Read the listing below and copy out each line where the word "beard" occurs.
ENTRIES PROVIDED START
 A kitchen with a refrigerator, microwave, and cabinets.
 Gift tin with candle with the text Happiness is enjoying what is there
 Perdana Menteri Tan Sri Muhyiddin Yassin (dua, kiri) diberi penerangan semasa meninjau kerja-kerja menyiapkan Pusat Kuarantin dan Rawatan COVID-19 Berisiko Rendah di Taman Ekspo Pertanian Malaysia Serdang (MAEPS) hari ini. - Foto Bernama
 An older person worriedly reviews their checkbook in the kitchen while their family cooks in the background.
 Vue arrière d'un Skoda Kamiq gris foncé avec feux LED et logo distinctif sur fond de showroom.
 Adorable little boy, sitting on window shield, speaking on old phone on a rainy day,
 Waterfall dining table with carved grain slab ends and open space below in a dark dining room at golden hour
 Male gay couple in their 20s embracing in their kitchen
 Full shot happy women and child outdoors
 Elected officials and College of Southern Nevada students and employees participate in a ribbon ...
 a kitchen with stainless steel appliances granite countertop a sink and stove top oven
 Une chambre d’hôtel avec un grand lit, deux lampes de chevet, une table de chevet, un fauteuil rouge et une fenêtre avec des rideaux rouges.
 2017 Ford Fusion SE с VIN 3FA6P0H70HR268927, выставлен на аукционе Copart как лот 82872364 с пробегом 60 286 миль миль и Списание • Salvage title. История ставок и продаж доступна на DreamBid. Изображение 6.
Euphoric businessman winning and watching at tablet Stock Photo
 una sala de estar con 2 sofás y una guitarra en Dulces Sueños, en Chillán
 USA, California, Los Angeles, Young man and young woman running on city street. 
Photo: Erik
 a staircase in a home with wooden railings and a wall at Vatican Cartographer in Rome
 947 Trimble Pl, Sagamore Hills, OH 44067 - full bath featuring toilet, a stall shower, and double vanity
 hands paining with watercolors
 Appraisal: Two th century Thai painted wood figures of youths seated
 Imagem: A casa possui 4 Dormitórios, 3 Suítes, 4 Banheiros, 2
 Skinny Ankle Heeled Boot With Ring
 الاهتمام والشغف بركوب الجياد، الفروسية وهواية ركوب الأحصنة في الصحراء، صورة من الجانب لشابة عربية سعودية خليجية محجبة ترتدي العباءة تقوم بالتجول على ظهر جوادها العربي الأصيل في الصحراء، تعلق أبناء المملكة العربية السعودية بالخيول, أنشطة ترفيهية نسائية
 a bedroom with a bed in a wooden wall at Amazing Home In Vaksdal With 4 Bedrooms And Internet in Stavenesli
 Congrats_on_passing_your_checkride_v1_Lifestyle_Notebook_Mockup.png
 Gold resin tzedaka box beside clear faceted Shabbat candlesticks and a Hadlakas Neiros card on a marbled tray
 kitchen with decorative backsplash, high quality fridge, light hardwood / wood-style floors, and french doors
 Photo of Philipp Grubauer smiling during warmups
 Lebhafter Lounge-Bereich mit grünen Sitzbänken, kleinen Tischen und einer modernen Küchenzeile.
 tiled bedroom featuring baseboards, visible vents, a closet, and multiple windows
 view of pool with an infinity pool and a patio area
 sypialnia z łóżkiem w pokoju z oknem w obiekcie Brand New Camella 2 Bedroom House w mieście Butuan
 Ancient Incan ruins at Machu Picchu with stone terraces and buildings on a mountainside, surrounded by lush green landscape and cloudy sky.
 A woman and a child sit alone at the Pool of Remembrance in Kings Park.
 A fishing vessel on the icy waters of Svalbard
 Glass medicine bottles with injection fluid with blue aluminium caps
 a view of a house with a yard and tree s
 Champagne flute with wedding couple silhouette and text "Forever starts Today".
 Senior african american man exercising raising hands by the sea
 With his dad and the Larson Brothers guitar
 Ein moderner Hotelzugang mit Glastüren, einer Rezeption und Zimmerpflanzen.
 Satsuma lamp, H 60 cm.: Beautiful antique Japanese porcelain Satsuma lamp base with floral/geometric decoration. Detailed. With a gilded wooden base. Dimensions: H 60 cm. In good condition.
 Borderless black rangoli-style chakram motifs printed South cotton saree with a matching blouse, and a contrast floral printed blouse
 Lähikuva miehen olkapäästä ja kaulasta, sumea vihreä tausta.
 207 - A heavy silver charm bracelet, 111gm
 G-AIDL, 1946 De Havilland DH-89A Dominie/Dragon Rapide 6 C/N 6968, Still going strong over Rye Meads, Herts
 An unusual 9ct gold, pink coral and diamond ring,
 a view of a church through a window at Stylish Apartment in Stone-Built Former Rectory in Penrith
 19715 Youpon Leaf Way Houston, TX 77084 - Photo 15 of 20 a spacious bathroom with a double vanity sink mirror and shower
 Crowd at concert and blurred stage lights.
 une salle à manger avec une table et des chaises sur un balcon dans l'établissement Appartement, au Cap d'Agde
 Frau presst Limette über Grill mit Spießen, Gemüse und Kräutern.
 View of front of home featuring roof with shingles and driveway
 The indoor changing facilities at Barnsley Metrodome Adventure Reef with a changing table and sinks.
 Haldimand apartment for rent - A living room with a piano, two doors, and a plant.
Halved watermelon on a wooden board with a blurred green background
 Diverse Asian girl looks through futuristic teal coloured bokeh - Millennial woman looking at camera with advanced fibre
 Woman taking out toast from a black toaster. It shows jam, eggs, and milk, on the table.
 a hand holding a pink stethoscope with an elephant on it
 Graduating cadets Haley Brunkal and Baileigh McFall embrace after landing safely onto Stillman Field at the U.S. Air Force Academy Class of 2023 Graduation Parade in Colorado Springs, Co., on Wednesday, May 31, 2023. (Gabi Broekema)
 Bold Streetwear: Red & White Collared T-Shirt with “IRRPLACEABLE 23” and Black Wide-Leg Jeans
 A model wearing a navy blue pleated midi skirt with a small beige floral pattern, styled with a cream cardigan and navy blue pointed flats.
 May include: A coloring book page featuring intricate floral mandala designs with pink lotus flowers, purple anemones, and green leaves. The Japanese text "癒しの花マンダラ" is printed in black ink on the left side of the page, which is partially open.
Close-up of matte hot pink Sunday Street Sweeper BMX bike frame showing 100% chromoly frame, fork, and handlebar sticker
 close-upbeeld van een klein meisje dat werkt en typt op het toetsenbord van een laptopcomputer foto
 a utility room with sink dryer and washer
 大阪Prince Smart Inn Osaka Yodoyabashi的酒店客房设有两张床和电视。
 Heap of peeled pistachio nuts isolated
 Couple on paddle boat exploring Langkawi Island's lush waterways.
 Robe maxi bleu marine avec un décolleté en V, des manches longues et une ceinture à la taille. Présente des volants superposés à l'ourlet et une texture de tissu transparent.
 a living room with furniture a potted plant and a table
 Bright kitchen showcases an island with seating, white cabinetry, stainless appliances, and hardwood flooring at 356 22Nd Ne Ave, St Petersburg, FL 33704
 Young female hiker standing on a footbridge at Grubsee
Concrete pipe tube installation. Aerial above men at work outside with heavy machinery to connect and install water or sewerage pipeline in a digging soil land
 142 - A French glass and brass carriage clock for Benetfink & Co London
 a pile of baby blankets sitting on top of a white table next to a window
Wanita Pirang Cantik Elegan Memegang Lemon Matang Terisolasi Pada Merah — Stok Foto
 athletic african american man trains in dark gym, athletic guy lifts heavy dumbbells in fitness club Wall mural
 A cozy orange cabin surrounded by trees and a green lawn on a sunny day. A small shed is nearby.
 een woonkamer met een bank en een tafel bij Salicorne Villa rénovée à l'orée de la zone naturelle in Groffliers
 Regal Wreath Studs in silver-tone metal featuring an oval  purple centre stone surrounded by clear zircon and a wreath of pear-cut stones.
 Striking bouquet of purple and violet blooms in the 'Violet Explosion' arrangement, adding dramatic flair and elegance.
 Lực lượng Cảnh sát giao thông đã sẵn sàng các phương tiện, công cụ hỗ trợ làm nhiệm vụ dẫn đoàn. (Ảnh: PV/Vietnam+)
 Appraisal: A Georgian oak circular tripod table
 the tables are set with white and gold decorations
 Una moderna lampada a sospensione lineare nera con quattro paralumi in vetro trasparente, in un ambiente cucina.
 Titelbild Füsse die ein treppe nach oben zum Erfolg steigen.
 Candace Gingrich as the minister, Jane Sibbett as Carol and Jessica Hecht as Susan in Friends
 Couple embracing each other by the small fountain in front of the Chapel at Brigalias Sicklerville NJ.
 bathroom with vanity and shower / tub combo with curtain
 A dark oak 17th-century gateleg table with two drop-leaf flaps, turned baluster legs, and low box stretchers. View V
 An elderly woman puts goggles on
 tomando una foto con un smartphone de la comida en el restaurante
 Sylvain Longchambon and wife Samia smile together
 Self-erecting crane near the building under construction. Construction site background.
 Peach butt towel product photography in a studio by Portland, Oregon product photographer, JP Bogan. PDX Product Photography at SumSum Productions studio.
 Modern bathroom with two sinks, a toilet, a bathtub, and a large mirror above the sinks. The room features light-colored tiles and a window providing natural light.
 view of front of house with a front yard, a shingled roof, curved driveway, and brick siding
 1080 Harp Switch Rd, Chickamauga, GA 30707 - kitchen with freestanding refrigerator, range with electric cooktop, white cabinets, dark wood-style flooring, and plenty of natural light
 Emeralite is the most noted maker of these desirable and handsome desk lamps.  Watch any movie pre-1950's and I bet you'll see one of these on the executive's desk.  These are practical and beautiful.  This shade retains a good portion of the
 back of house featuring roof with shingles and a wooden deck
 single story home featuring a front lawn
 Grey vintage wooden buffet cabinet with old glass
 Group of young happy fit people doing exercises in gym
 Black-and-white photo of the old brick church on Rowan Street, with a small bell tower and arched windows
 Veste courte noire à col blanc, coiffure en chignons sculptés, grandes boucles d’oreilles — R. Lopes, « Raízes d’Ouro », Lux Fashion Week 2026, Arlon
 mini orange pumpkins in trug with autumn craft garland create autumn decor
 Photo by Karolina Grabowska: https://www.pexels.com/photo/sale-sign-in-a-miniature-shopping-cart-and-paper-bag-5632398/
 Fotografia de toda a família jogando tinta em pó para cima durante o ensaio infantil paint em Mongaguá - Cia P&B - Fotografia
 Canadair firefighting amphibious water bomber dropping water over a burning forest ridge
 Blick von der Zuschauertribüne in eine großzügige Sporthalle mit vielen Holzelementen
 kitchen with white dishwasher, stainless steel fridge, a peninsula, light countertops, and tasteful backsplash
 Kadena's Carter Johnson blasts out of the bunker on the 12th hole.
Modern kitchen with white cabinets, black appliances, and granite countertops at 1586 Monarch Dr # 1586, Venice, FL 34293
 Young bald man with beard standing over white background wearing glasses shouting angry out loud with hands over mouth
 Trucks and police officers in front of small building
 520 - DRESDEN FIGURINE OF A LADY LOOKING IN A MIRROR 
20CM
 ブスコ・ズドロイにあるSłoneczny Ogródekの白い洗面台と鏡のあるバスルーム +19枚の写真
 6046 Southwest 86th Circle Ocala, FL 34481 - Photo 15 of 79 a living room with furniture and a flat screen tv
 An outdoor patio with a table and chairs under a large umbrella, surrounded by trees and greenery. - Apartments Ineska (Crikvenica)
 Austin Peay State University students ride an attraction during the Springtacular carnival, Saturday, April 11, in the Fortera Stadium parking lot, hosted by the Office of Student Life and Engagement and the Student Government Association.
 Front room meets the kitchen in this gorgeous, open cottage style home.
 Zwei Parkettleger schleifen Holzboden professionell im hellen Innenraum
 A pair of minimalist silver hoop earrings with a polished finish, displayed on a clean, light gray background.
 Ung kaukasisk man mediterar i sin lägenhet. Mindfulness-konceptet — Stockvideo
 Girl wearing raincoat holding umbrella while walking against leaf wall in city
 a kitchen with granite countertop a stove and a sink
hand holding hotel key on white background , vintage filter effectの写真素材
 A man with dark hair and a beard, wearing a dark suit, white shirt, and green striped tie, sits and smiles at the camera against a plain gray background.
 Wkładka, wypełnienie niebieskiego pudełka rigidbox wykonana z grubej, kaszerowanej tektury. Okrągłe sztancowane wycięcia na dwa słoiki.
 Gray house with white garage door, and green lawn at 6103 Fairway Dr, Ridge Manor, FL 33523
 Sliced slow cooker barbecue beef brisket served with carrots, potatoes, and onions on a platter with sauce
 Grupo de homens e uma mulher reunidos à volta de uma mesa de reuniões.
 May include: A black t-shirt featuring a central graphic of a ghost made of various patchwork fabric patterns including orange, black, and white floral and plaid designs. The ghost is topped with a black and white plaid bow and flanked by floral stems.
ENTRIES PROVIDED END
RESPONSE AREA —
 Young bald man with beard standing over white background wearing glasses shouting angry out loud with hands over mouth
 A man with dark hair and a beard, wearing a dark suit, white shirt, and green striped tie, sits and smiles at the camera against a plain gray background.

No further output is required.